Note that the following description gives identical parts and components respective identical reference signs. The identical parts and components are also identical in names and functions. Therefore, a specific description of those parts and components is not repeated. This applies also to descriptions below of a floodlight 1010 and the like.

The fiber 15 may be (i) a single-mode fiber or (ii) a multimode fiber, of which the core for transmitting light is thick. The fiber 15 may be made of not only quartz but also plastic. The fiber 15, in such a case, is inexpensive and high in bend strength. The fiber 15 may be connected to the lens 10 by a butt joint.

The laser element 2 emits a laser beam, which travels through the lens 10 and the fiber 15 and is reflected by the initial mirror 30 to fall upon the MEMS mirror 1001. The MEMS mirror 1001 is a minute electron mirror including fine parts formed by integrating machine parts with electron circuits.

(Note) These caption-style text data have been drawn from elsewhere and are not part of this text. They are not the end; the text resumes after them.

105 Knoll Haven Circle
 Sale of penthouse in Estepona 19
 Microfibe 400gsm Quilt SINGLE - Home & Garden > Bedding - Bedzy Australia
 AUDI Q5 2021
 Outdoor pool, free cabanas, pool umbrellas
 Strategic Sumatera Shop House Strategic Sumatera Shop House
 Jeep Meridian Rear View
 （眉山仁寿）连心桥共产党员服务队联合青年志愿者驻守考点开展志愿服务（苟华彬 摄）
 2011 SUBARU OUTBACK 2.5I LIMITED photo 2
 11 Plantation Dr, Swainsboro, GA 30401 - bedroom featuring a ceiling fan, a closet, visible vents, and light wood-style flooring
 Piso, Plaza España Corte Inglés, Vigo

The MEMS mirror 1001 is provided between (i) the laser element 2 and (ii) a region outside the parabolic mirror 5 which region is located on the side opposite from the opening of the parabolic mirror 5. The description below deals with the MEMS mirror 1001 with reference to FIG. 22. FIG. 22 is a schematic view explaining the MEMS mirror 1001.

The MEMS mirror 1001 includes a mirror section 1001 a and a mirror driving section 1001 b. The mirror section 1001 a is provided as surrounded by the mirror driving section 1001 b. The mirror section 1001 a is exemplified by, but is not limited to, a circular biaxial mirror having a diameter of 1 mm Φ. The mirror section 1001 a may have a mirror plane provided with a coating such as an Al coating.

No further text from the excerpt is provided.